Tell him to fuck off out of the house, if he doesnt, kill him.
You have a good mind to be unsure, but if they have a child together, then they have to stay in contact anyway. Try and trust her, but if you cant them she might not be the girl you have been praying for if you cant trsut her.
dont play chess with cheaters, the pieces are never where you fucking left them seriously
Dude, she's blowin' him behind your back. Don't be naive, you've been with her for 2 weeks and she was with him for probably atleast a year or so, the bond between her and him is definately much stronger, no matter how badly you wish otherwise. Women are strange like that, they will be done with a long-term relationship one minute, jump right back into another relationship and then the "ex" will always find a way back into her life one way or the other.

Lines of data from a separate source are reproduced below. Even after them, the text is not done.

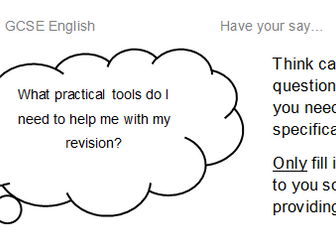 GCSE English Language - Pupil voice Questionnaire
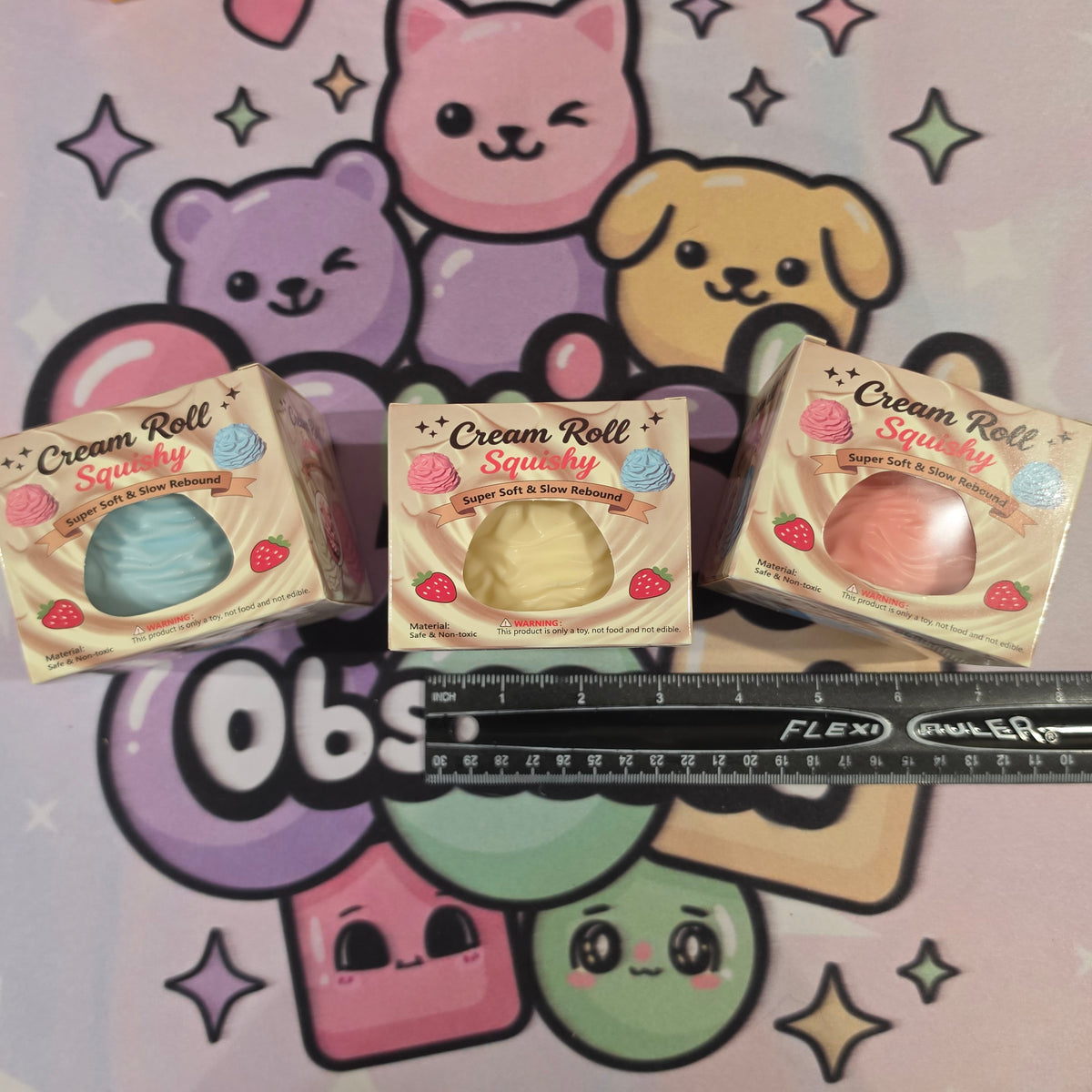 Crunchy Creamroll Squishy - 1pc (Pink)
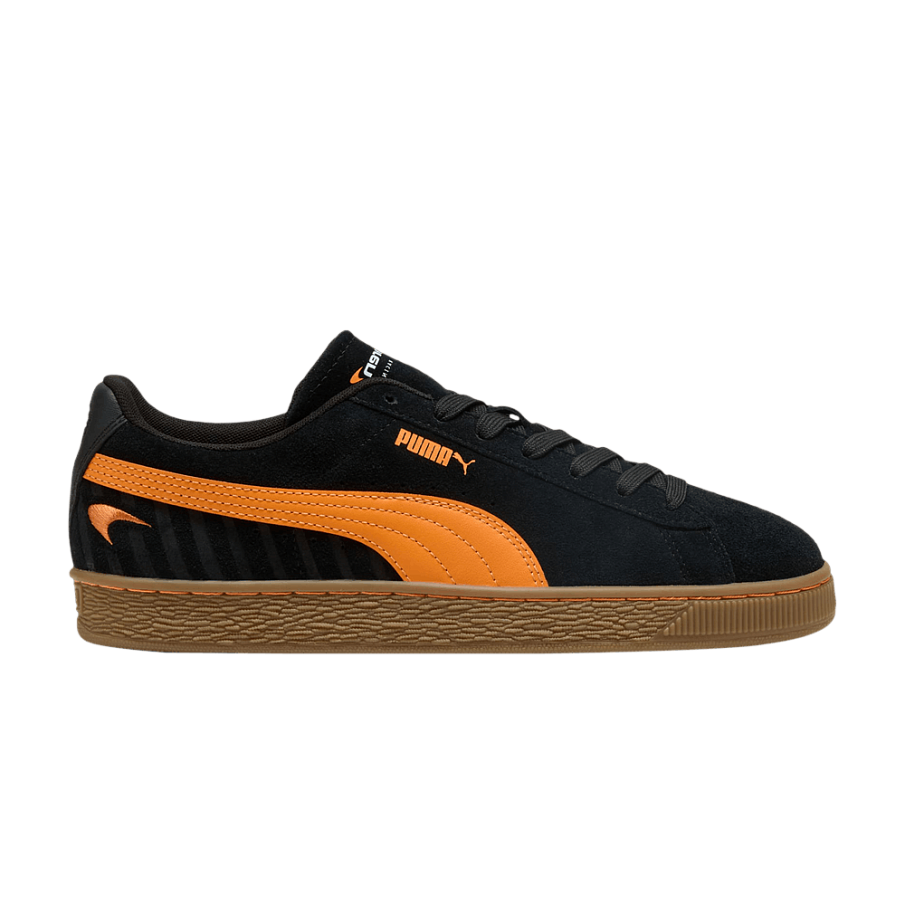 Фото № 1 с приближением к товару «‎Mclaren Racing x Puma Suede OG Black Papaya»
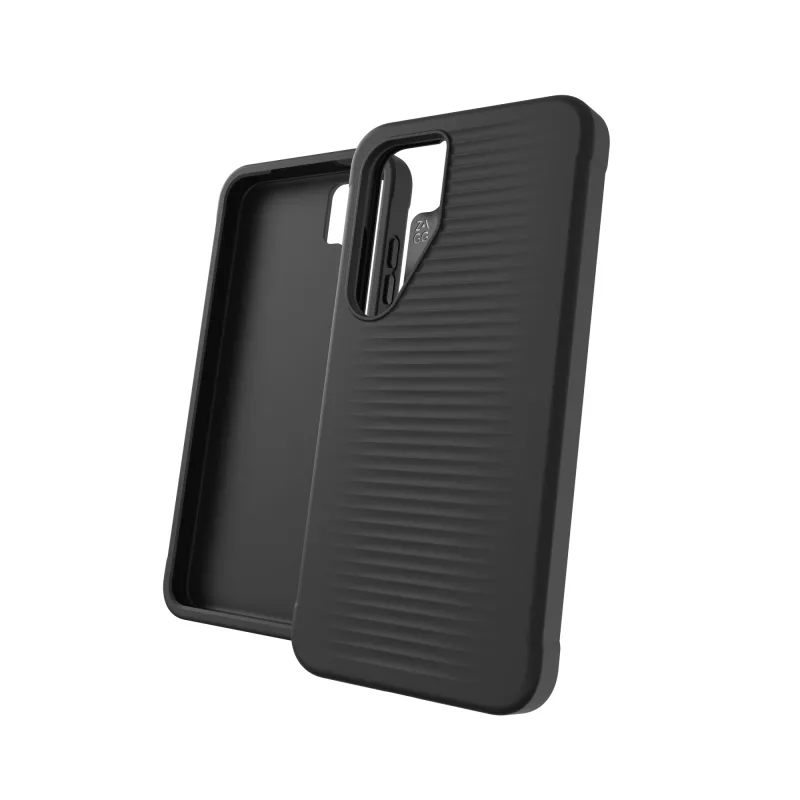 ZAGG Luxe vāciņš Galaxy S24 melns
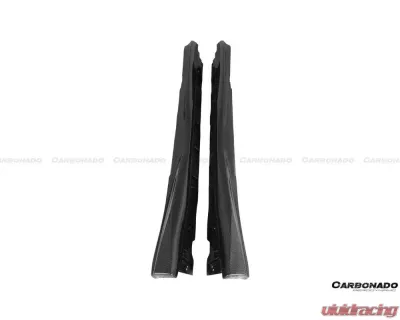 Carbonado Carbon Fiber Side Skirts for Nissan GTR R35 2017-2022, Part No. MTCF8354OE-SS - MTCF8354OE-SS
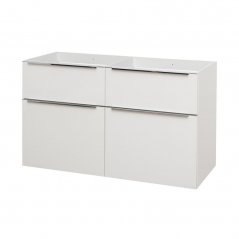Koupelnová skříňka Mailo 121 cm, bílá, CN513S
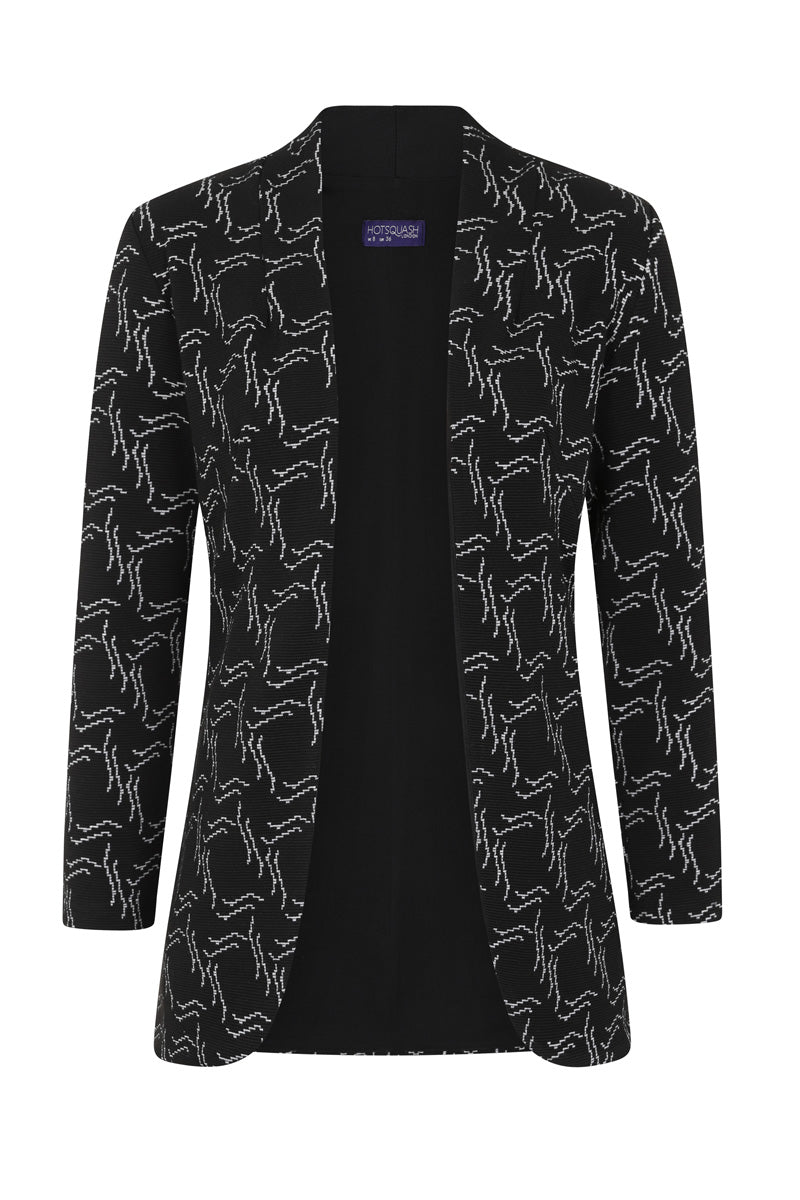 3/4 Sleeve Stretch Blazer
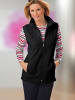 Sieh an! Fleece-Weste in schwarz
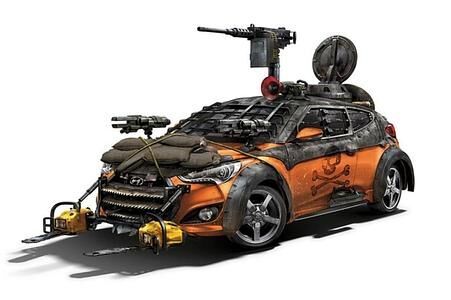 Hyundai Veloster Zombie Survival Machine  - Kettensägen gegen die Apokalypse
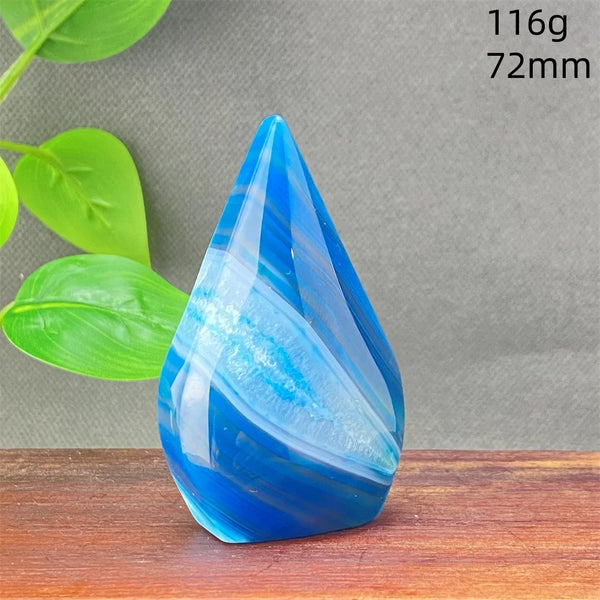 Blue Striped Agate Torch-ToShay.org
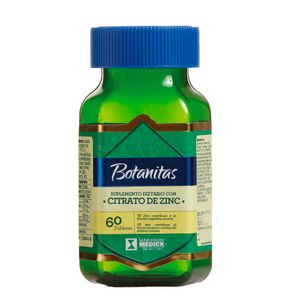CITRATO DE ZINC BOTANITAS TABLETAS 16.8 MG FRASCO X 60 UNDS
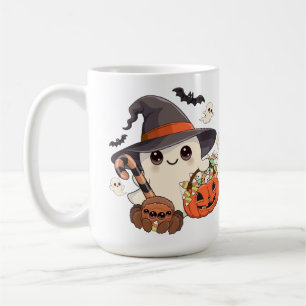 Süßer Halloween-Geist im Kawaii-Stil Kaffeetasse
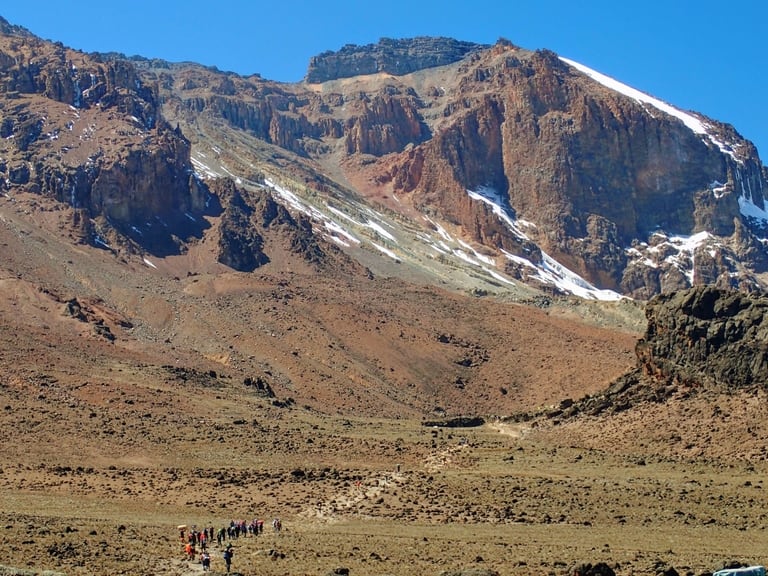 Kilimanjaro hiking trail in Tanzania on best hiking trails in Africa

My sister-in-law did this with her husband of 5 years. He was in Iraq for over a year and she decided that she was tired of being alone all the time. She got with another guy, pretty seriously in fact. Well, her ex came back from Iraq and they have a kid together, so she took her son over to see his dad and they ended up fuc*ing. She still hasn't told her current b/f about it. This could be you dude, watch-out.
"This mornining they were having beers together"

Did no one notice anything weird with this sentence?
you are in a very bad situation if you fall for this girl. I would advise you to find someone else.
yeah nodo , i noticed that
i prefer being alone when drinking in morning
this woman is weird
kick his ass no need to be rational
I'd be REALLY pissed.
Tell he to stop being a pussy bitch and go find somewhere else to stay.
You have every right to feel the way you do, especially if they're drinking together.
Drunk-ness causes problems.

I'm sorry hon, hope things work out =[
Whoop his Fucking ass he has no right to mess with your girl thats not his girl nemore so he can sleep his sorry ass outside somewhere
sorry but the fact she's drinking beer in the morning sounds more of a problem.
oh my thats ridiculous. somethings going on they were together for that long and it doesnt take 5 months to get over the person she obviously still wants him around and she didnt care to ask u if it was alrite and im sure he has other places he can stay if she doesnt care to be with him u guys could find a place for him if she doesnt want him to leave sumins up...
"We're just friends" I've heard this before, and it ends up being more than just friends. Two weeks is kinda short to get too serious though. But an ex- moving back in with her sounds like she still has feelings for him. one test: Do you get to sleep with her, her place or yours?
No kidding - hit me like - "duh!"

To the poster: your problem isn't this girl (who hits the booze first thing a.m.) - she's got plenty of trouble in her life & I feel for that child. Your problem is your lack of judgement about this woman.

You should definitely trust your doubts here & move on and give yourself a chance.
If she has a kid why is she drinking beer in the morning? I would question her character as a mother. Doesn't she have a job?
Listen if shes dumb enough to move her ex in after you guys starting dating I would kick her to the curb.

Theres plenty of other woman out there without children and ex's that need somewhere to live.

I know this chick her name is K.I.M (keep it moving).
i'm guessing she's still raising her child and it's probably nice to have the dad around.

it's normal to be worried. it also sounds like you really care about her...

ok, this is where i was about to give you advice but now i see that people were commenting 2 years ago... so, what happened?